Action item :: Output each record exactly, excluding pictures.

** Opening Supplied material block **

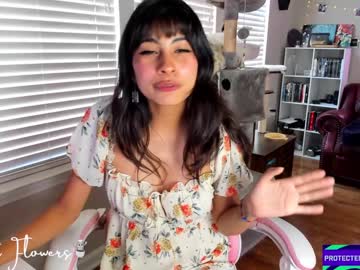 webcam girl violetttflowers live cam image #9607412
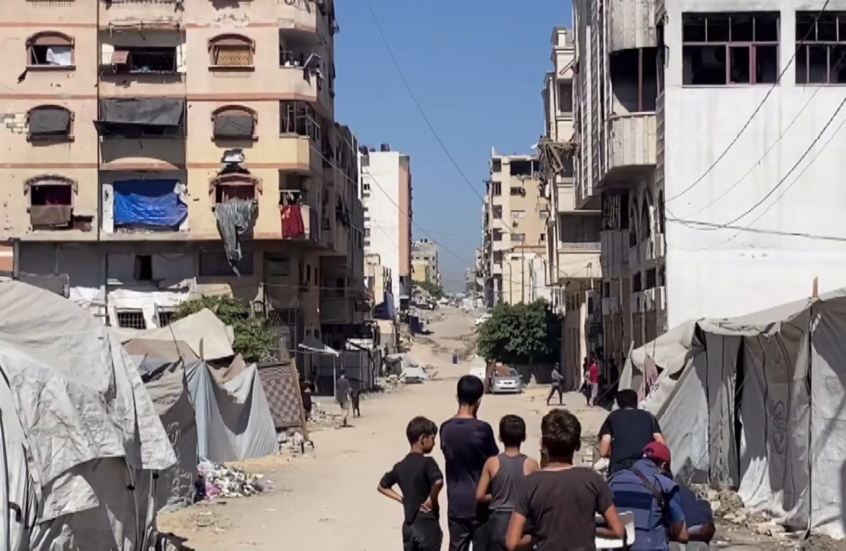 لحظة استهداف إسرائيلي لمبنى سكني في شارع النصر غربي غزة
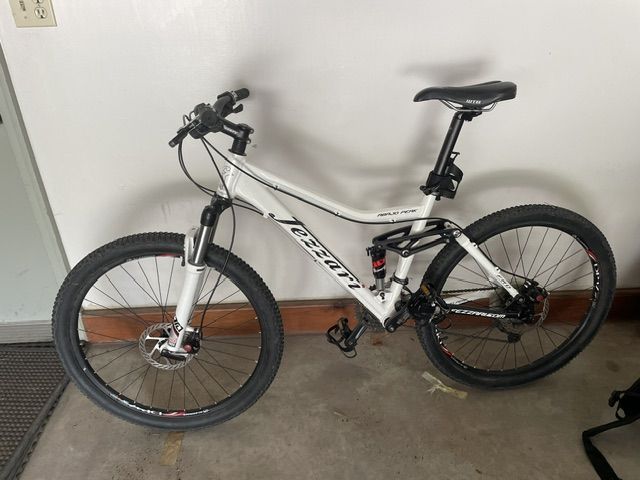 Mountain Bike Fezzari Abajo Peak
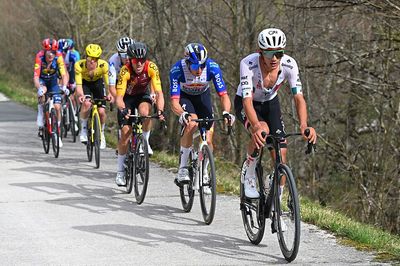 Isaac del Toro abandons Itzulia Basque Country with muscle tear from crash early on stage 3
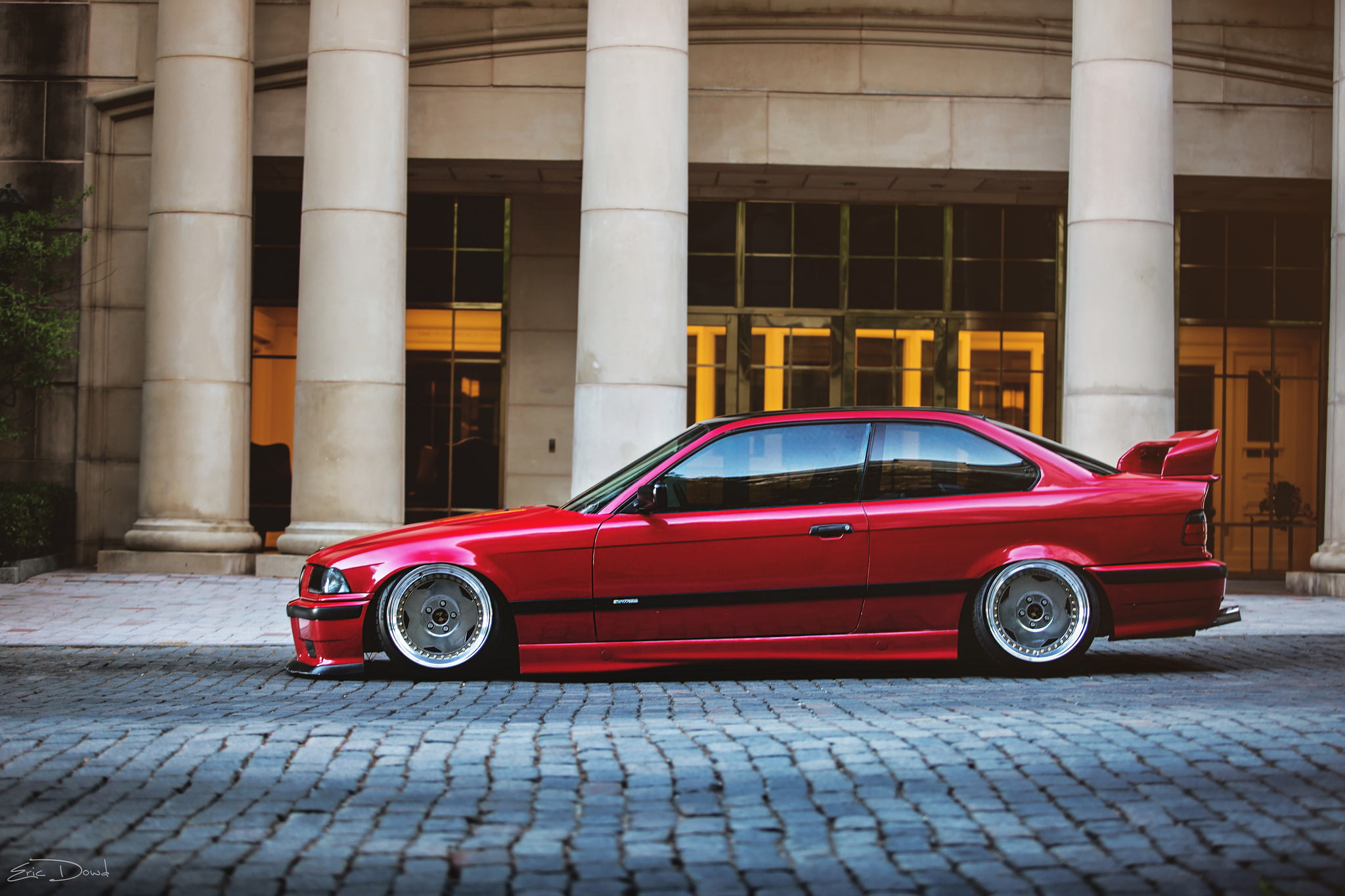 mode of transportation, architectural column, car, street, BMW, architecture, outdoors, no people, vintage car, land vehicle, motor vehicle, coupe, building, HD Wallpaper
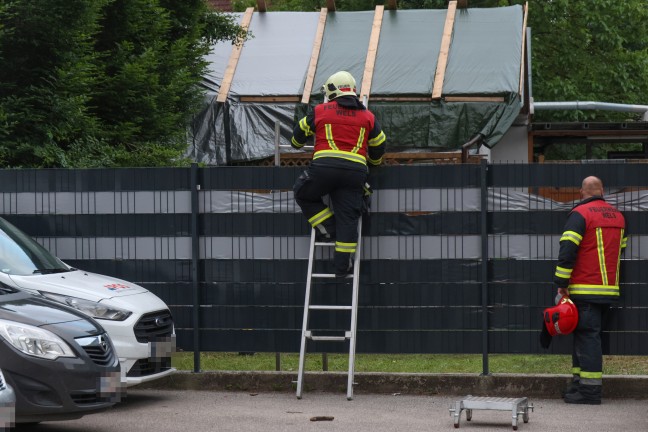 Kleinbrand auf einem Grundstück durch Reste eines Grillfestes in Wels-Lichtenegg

** Closing Supplied material block **

Output of the exercise ::
 webcam girl violetttflowers live cam image #9607412
 لحظة استهداف إسرائيلي لمبنى سكني في شارع النصر غربي غزة
 Mountain Bike Fezzari Abajo Peak
 Isaac del Toro abandons Itzulia Basque Country with muscle tear from crash early on stage 3
 mode of transportation, architectural column, car, street, BMW, architecture, outdoors, no people, vintage car, land vehicle, motor vehicle, coupe, building, HD Wallpaper
 Kleinbrand auf einem Grundstück durch Reste eines Grillfestes in Wels-Lichtenegg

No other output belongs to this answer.